## What to work on
Output each record exactly as given. Leave out every picture.
---------- Material supplied
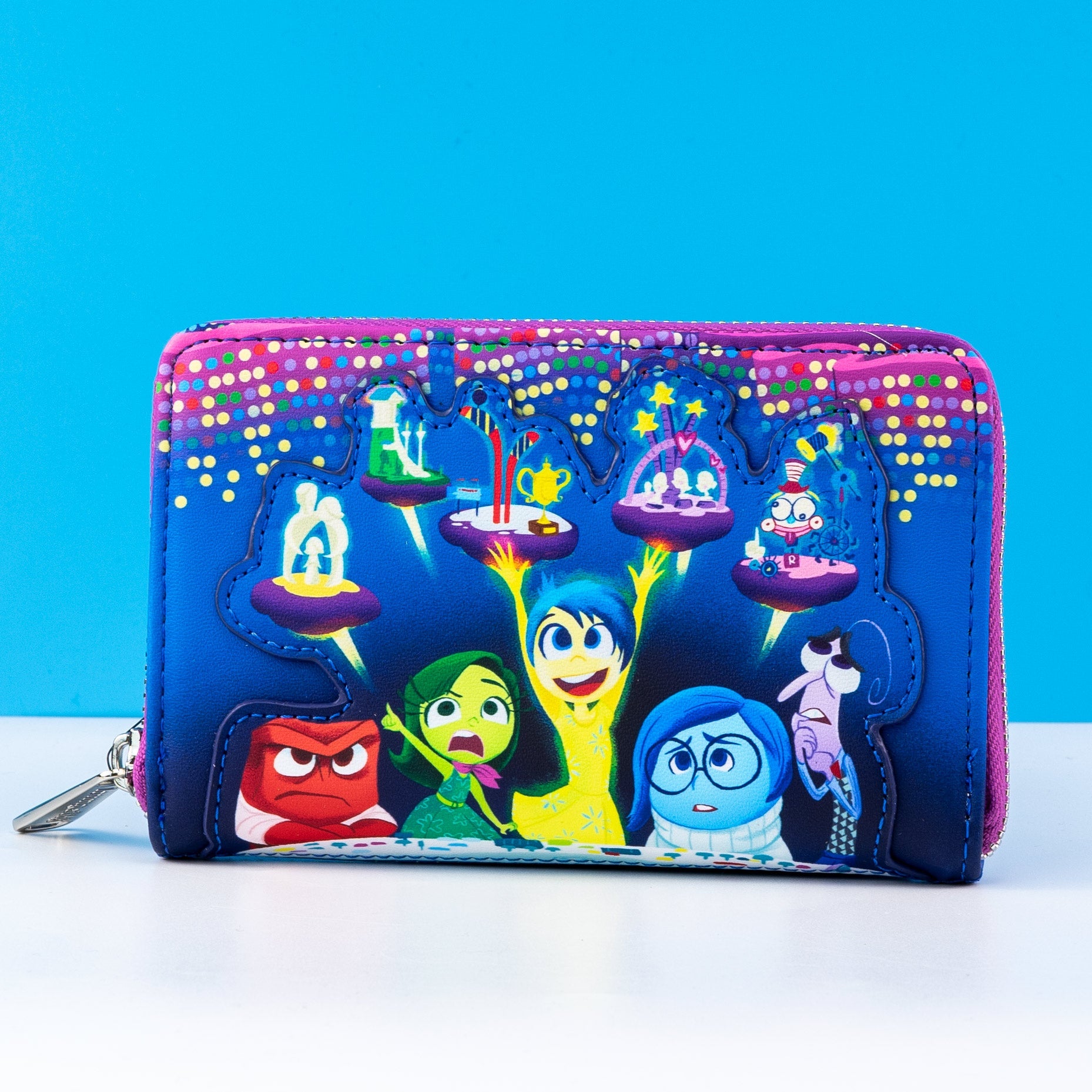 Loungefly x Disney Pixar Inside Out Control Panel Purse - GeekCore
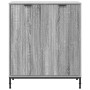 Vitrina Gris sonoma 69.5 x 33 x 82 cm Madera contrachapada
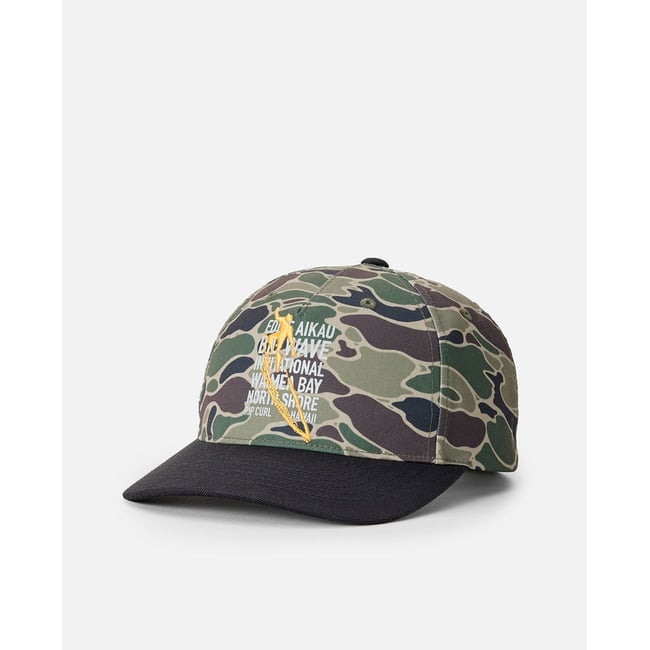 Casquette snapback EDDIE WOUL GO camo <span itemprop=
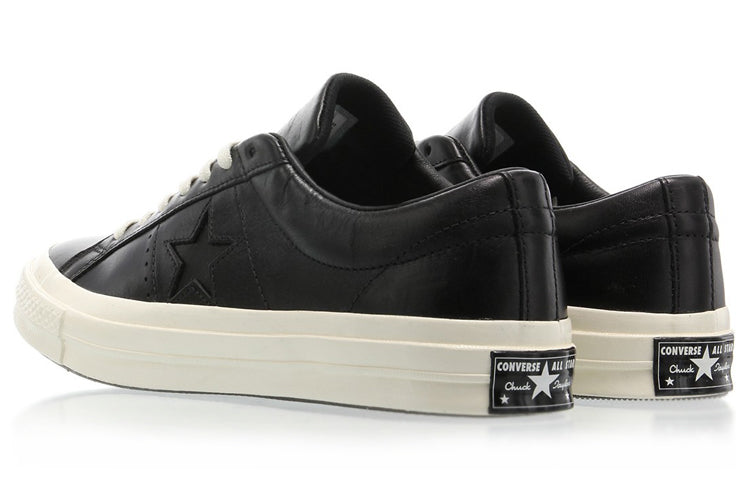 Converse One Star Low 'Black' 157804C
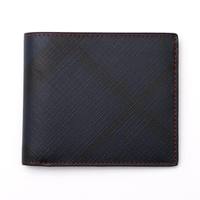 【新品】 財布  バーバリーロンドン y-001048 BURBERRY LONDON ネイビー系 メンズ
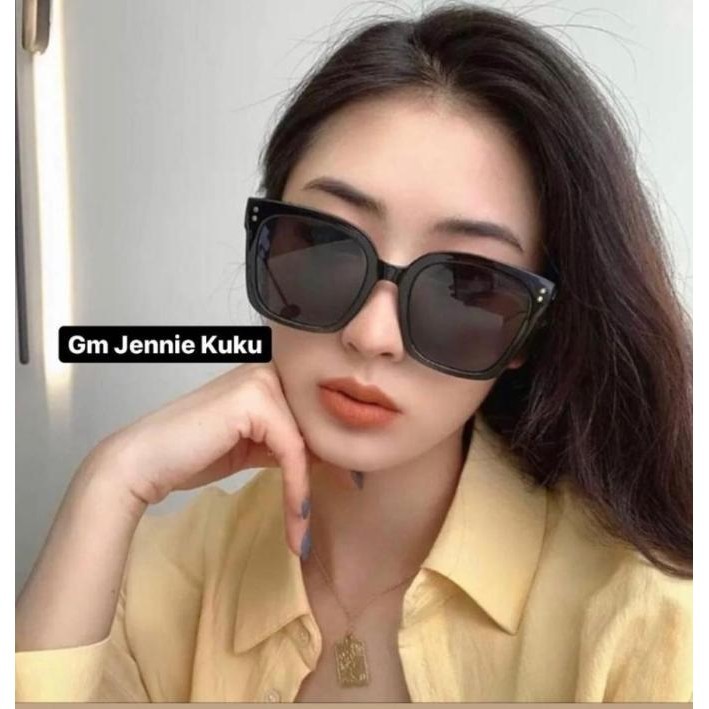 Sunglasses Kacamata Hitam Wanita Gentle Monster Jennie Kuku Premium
--------------------
## Solution
 Loungefly x Disney Pixar Inside Out Control Panel Purse - GeekCore
 Vitrina Gris sonoma 69.5 x 33 x 82 cm Madera contrachapada
 Casquette snapback EDDIE WOUL GO camo <span itemprop=
 Converse One Star Low 'Black' 157804C
 【新品】 財布  バーバリーロンドン y-001048 BURBERRY LONDON ネイビー系 メンズ
 Sunglasses Kacamata Hitam Wanita Gentle Monster Jennie Kuku Premium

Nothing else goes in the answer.